Translation industry at the crossroads

The translation industry is faced with a major opportunity or danger in 2013. It appears to be continuing straight on at the crossroads without fully appreciating what options are to the left and right.

→ To the right are clients trying to work out how to sell to new cultures.

← To the left are the IT developers with all their enthusiasm, gadgets and gizmos.

Clients flirting with machine translation
Clients are flirting with machine translation. They are not translators. They do not appreciate the risks. They do not know how to outline the different translation services they require. They want something more than appears to be on offer. Some human translations provided seem little better than machine translations to them.

MT developers seeking to replace linguists?
Meanwhile, MT developers are enthusiastically trying to replace interpreters and translators. That may not be their intention. It is certainly the risk.
Each new MT development gets top billing in the press. As in the recent Economist article, the drawbacks appear further down in the copy. Corrective copy rarely gets published. It is simply not as compelling.

Danger of a missing generation of linguists?
It must appear that linguists are on the way out to the general public. It must look like there is no future in languages. Why would parents encourage the subject or students pursue an apparent dead-end career? There is a danger that when the limitations of machine translation and interpreting are exposed, there will be a complete generation of missing linguists. The disinformation is already doing damage and machine translation has a lot of linguistic problems to solve yet.
IT developers do not set out to undermine translators and interpreters. The consequences of their research and development are not always quite what they had envisioned. Translation memory tools are designed to assist translators. I can clearly recall translators resisting using them. Some still do. Machine translation (MT) is meeting with the same reaction from most translators today.

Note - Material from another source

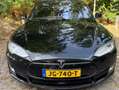 Tesla Model S Model S 85D FREE SUPER CHARGING AUTO PILOT Zwart - thumbnail 4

Cooperation and boundaries
It would be far better if the translation industry could cooperate with MT developers and establish best practices.  It would be preferable to agree with them which fields MT should focus on and which should be left to human translators. They should cease to compete in the same fields and/or agree on areas where their combined efforts are required, as in post-editing MT.
Human translators should concentrate on the higher end of the market. MT will probably always struggle to deliver here. Translators should specialise in particular fields, so that clients can clearly differentiate a quality divide between human and machine translation in future.
Clients have two distinctly different translation requirements. They need a fast, responsive service which human translators will struggle to meet. They also need high quality, creative marketing copy which MT can’t meet.
At the crossroads, MT developers, linguists and their clients need to meet in the centre and shake hands. They need to agree which directions they are all heading in and the territorial boundaries.